Cette composition, se détachant sur des silhouettes ensoleillées et une maisonnette de simples artisans - par le ton général symbolisant la quiétude - sera entourée d’une fuite aux tons adoucis faisant valoir le motif ».



Philippe Peyre, directeur du Puits Couriot / parc musée de la mine de Saint-Étienne, a fait remarquer que Berthon n’avait pas entièrement respecté le programme puisque « le groupe d’ouvriers entre les mineurs et le travail éducatif des femmes n’est pas un groupe de terrassiers mais un groupe d’ouvriers métallurgiques cingleurs, qui travaillent avec des barres de fer pour supprimer des scories sur des taques de fonte ». Pour les besoins de sa composition, le peintre Berthon a donc transposé en extérieur un travail d’atelier, normalement situé en intérieur...

Au total le projet Berthon apparaît plus proche d’une certaine “réalité” stéphanoise - le mineur et le puits de mine - auquel on adjoignait un souci d’exalter la ruralité - l’attelage de bœufs conduit par un travailleur - révélateur de la mentalité d’une classe ouvrière qui n’avait pas coupé ses liens avec la campagne et qui ne désespérait pas de “retourner à la terre” pour échapper au bagne industriel. À l’image de ses représentants : une classe politique “radicale-socialiste” qui exaltait l’idéal du petit producteur, des syndicalistes parfois influencés par les idées proudhoniennes. Deux facettes de la grande ville ouvrière. Deux mondes qui se côtoyaient, qui n’étaient pas loin de partager le même horizon et qui s’entendaient fort bien en certaines occasions.

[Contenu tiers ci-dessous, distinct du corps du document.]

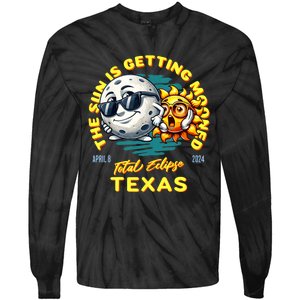 Texas Solar Eclipse Apr 8 2024 Sun Is Getting Mooned Tie-Dye Long Sleeve Shirt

Références bibliographiques

Steiner Jean-Michel (2002), « La création de la Bourse du Travail de Saint-Étienne - 1889-1906. Espoirs et inquiétudes de la “grande ville ouvrière” au miroir d’un bâtiment », Patrimages n°2 – Créations et solidarités dans la grande ville ouvrière (Publications de l’Université de Saint-Étienne, 2002).
Steiner Jean-Michel (2011), « Construire un bâtiment pour la Bourse du travail de Saint-Étienne. Un enjeu politique et idéologique dans une grande ville ouvrière (1888-1907) », Cahiers d’histoire. Revue d’histoire critique, n° 116-117 « Aux sources de l’histoire syndicale française. Retour sur les Bourses du Travail. », juillet - décembre 2011 (en ligne)



[1] Le peintre Auguste Jean, Eugène, Berthon (1856-1922), fils de Hughes Auguste, dessinateur et photographe, a été formé à l’école des beaux-Arts de Lyon. Il a été notamment directeur général du musée de Saint-Étienne en 1890 et peintre officiel de la Marine en 1904 (Jacques Beauffet, Dictionnaire des artistes foréziens du XIXe siècle, Saint-Étienne, Ceysson, 2015).
[2] Un fait peut expliquer la propagation d’une telle rumeur : lorsque le 25 avril 1906 Jeanne, Louise, aînée des enfants d’Auguste et Victorine Plantevin, née le 10 juillet 1885 à Saint-Étienne, épousa Edmond, Eugène Gratian, à Saint-Étienne… Auguste Berthon figurait parmi les témoins. Plantevin était alors premier adjoint de Jules Ledin.